European Platform for Digital Humanism

at the 2020 Ars Electronica Festival

While it is true that digital technologies have merely accelerated processes already unfolding across the industrialized world, they have changed our world and our lives radically over the last four decades. From the outset, Ars Electronica has viewed this as a societal rather than a technological development, and Ars Electronica’s European Platform for Digital Humanism has focused not on technologies but on their impacts.
Taking up these developments, the European Platform for Digital Humanism wants to show new pathways to a digital society and invites audiences to imagine a new future: it is time for us to resign our roles as mere consumers and data-generating machines. We must take responsibility for our futures.

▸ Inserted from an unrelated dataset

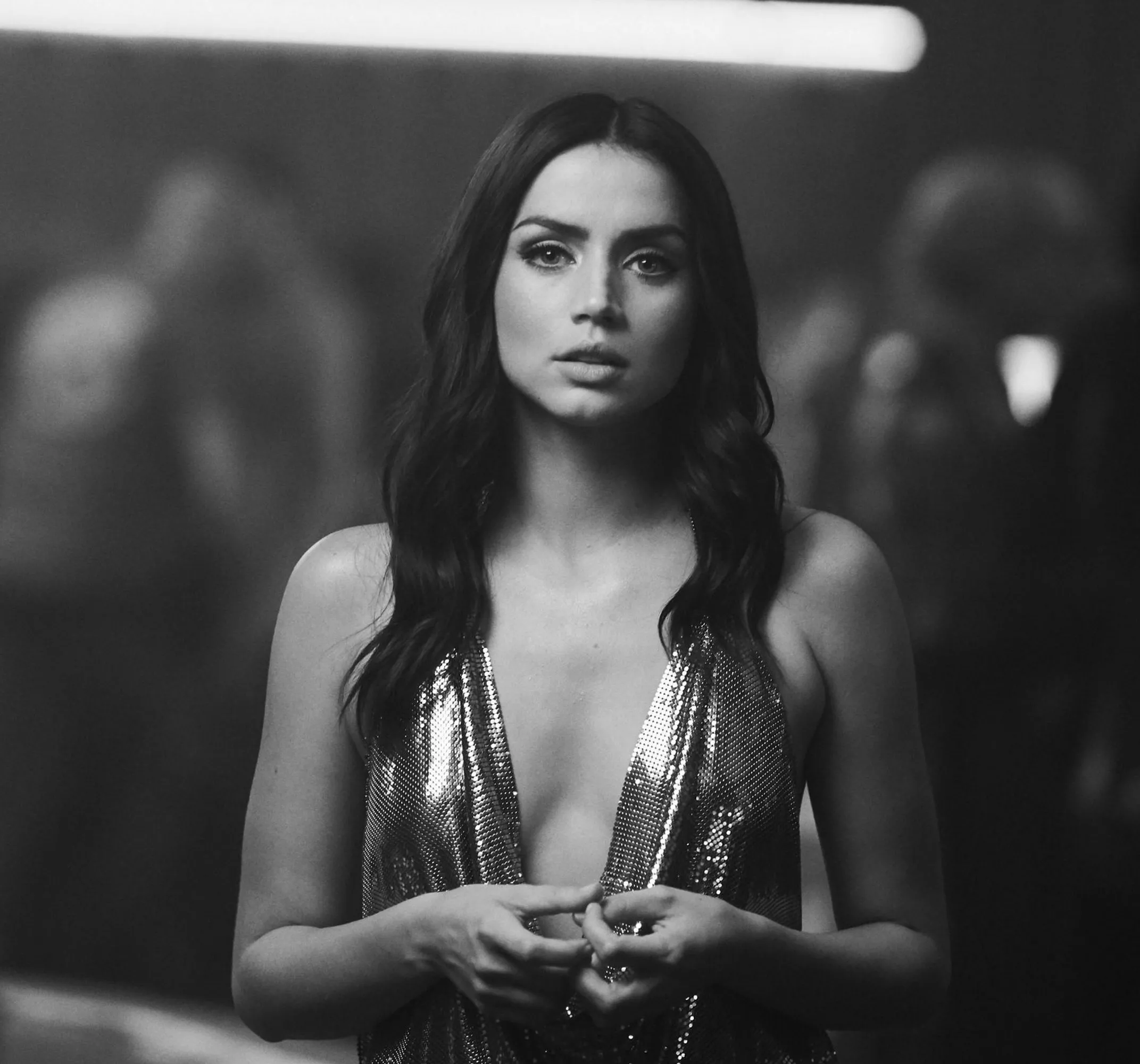 Ana de Armas posted by whoppingparody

Can, or should there be, something like a European way into the digital society, between the “data capitalism” of IT monopolists and the “data totalitarianism” of authoritarian regimes? If so, would a European “data humanism” also be competitive? Could applications of digital technology aimed towards human needs and established social conventions, which respect the autonomy of users over their data, be precisely this competitive advantage? Or, in other words: Is it possible to create a digital society that fosters competition and generates value while also reflecting European values?

A good argument can be made to the effect that the success of many digital products and services will shortly no longer depend on whether the processor is a little faster or the screen more colorful, but rather on the confidence the users have in services and on the credibility of the providers. To the extent that digital data will actually be the “new oil,” the raw material of the future; the “refinement” of this raw material will soon play a greater role than the material itself. Besides profitability, this also opens up opportunities for social appropriateness in dealing with our data seriously.

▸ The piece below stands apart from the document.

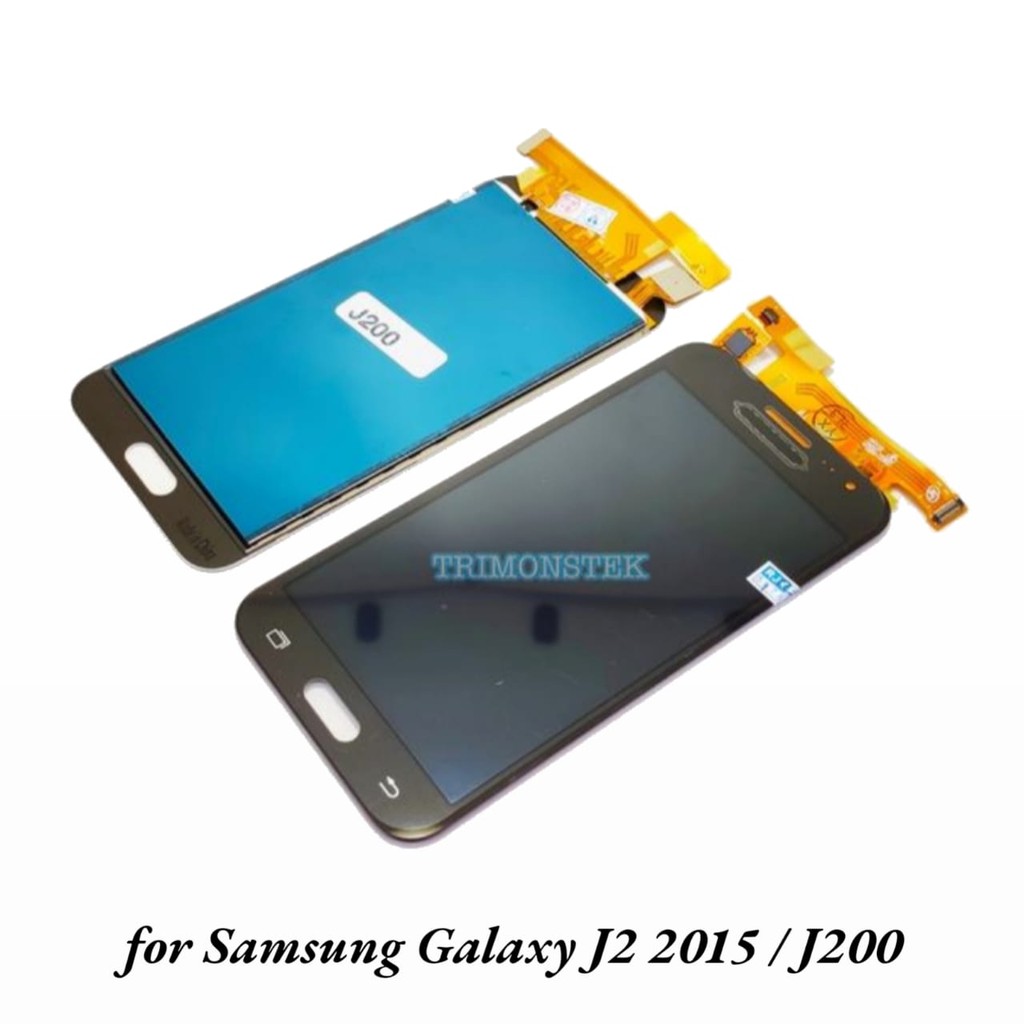 Lcd + Touchscreen Galaxy J200 / J2 2015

The cooperation of art and technology is much pined-for, and a large number of EU projects and cooperation initiatives have set themselves the goal of strengthening the role of art, creativity and education in the development of the ideas, concepts and scopes of action necessary for digital humanism. As a platform for art, technology and society, Ars Electronica currently coordinates and participates in several such cooperation projects funded by the European Union in the fields of culture, research and education.